Aaron regarde autour de lui, voit que personne ne va aller ouvrir la porte, alors il se lève. « Cora, garde un œil sur le Brésil pour moi. », dit-il en se dirigeant vers l'entrée. Tout le monde tend à moitié l'oreille. Une famille qui a survécu à deux tentatives d'assassinat devient un minimum paranoïaque. Mais il n'y a pas de bruit inhabituel, juste la voix de deux hommes qui discutent. Aaron revient au salon une minute plus tard, les sourcils froncés. Mais il a plus l'air surpris qu'inquiet. « Il y a un agent du FBI qui recherche Przemysław Stilinski. »
Tout le monde se tend un peu. Ce n'est pas exactement un code, plutôt une manière de communiquer qu'ils ne connaissent pas la personne puisqu'il n'a pas demandé à parler à Stiles. C'est Talia qui lève les yeux, et sa voix trahit la volonté de fer de l'alpha qu'elle est. « Pourquoi est-ce qu'un agent du FBI vient ici plutôt que nous contacter par le biais du shérif ? »

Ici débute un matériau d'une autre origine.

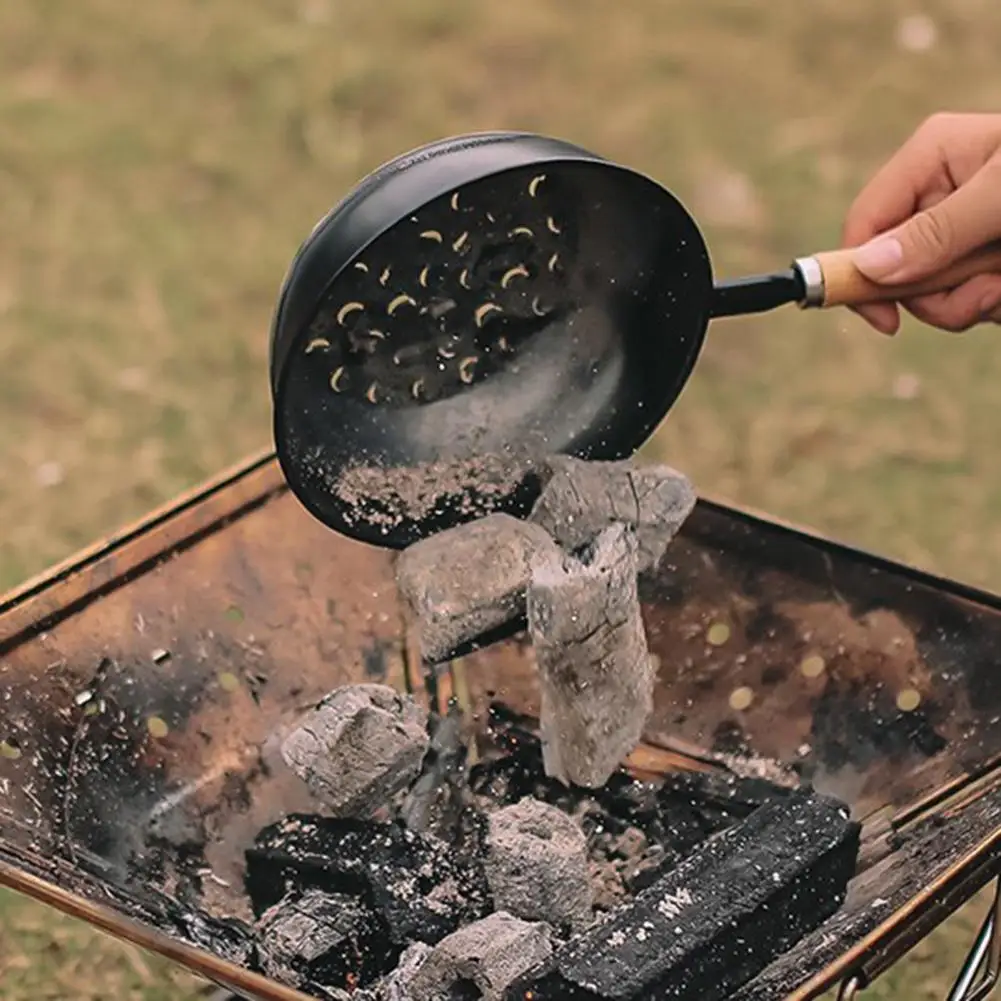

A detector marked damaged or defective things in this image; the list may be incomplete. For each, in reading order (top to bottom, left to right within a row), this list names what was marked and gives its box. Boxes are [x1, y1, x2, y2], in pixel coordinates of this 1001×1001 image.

rusty metal edge [0, 856, 310, 1001]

« Je ne suis pas certain. Voudrais-tu le lui demander, mon amour ? »
« C'est ce que je vais faire, oui. », répond Talia en se levant à son tour.
« Oh, il faut que je vois ça. », s'exclame Stiles en quittant sa chaise. Derek a un petit rire silencieux et le suit. Mais il se contente d'écouter au lieu de regarder. Il n'y a pas assez de place dans l'entrée pour trois adultes, alors il rôde à l'entrée du salon.
Talia marche jusqu'à la porte et elle a l'air d'aspirer tout le pouvoir dans la pièce pour s'en draper. Elle a l'air d'une reine quand elle atteint la porte et dit : « Je suis Talia Hale. En quoi puis-je vous aider ? » Au ton de sa voix, elle n'a pas l'air de vouloir l'aider.
« Mme Hale. », répond une voix de baryton. « Heureux de vous rencontrer. Je recherche le fameux Przemysław Stilinski. »
La manière dont il le dit fait se hérisser le poil de Derek. Stiles, plus habitué à l'attention des gens, se contente de plisser le nez. Il avance pour voir qui est à la porte et son comportement change immédiatement, passant de la curiosité et l'ennui à la surprise et la colère. « Qu'est-ce que vous foutez là ? », demande-t-il.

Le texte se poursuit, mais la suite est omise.